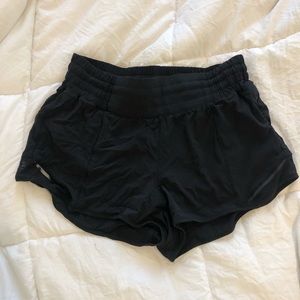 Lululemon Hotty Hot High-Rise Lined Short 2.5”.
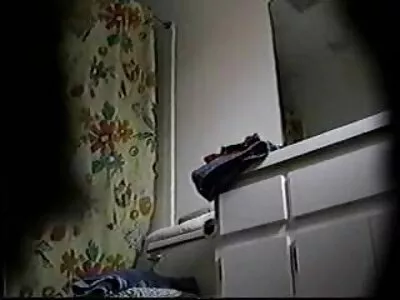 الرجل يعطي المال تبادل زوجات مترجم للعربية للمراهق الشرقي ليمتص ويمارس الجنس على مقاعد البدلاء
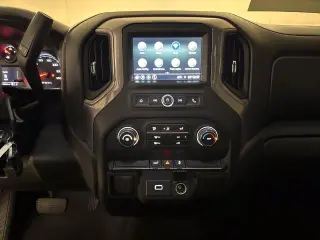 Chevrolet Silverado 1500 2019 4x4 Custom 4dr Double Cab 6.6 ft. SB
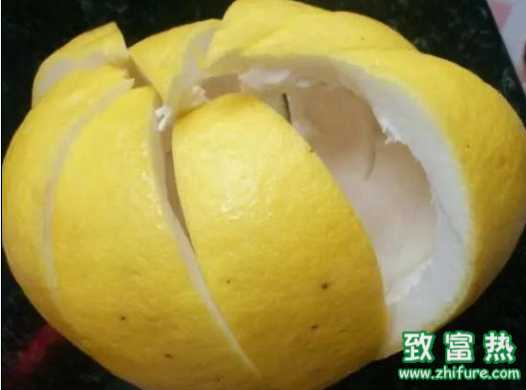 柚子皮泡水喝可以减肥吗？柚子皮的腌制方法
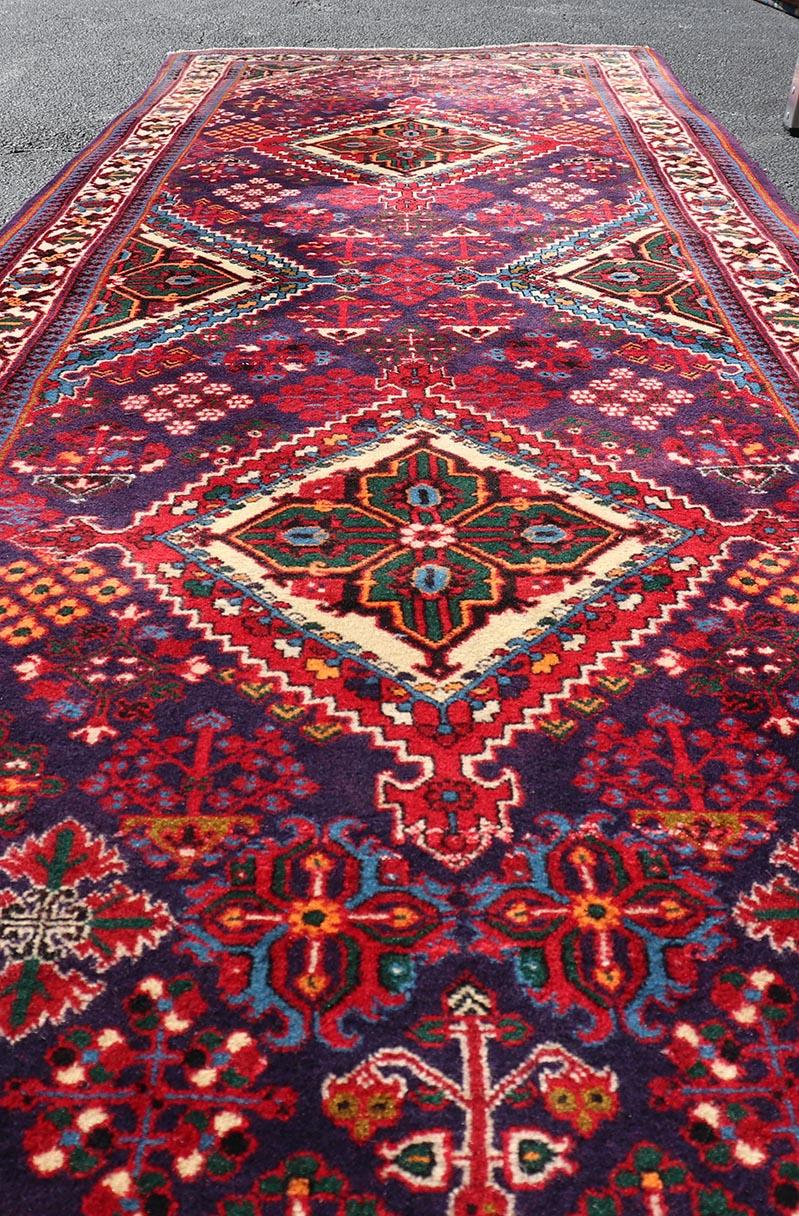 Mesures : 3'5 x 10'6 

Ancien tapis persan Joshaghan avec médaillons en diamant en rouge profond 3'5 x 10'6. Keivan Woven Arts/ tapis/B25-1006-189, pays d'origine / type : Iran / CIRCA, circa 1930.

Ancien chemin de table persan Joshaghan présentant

====================

■ **PROMPT**: Starting at the line that holds "Ancien tapis persan", set down each line exactly through the last line of the records above, and no others.

■ **ANSWER SPACE**:
Ancien tapis persan Joshaghan avec médaillons en diamant en rouge profond 3'5 x 10'6. Keivan Woven Arts/ tapis/B25-1006-189, pays d'origine / type : Iran / CIRCA, circa 1930.

Ancien chemin de table persan Joshaghan présentant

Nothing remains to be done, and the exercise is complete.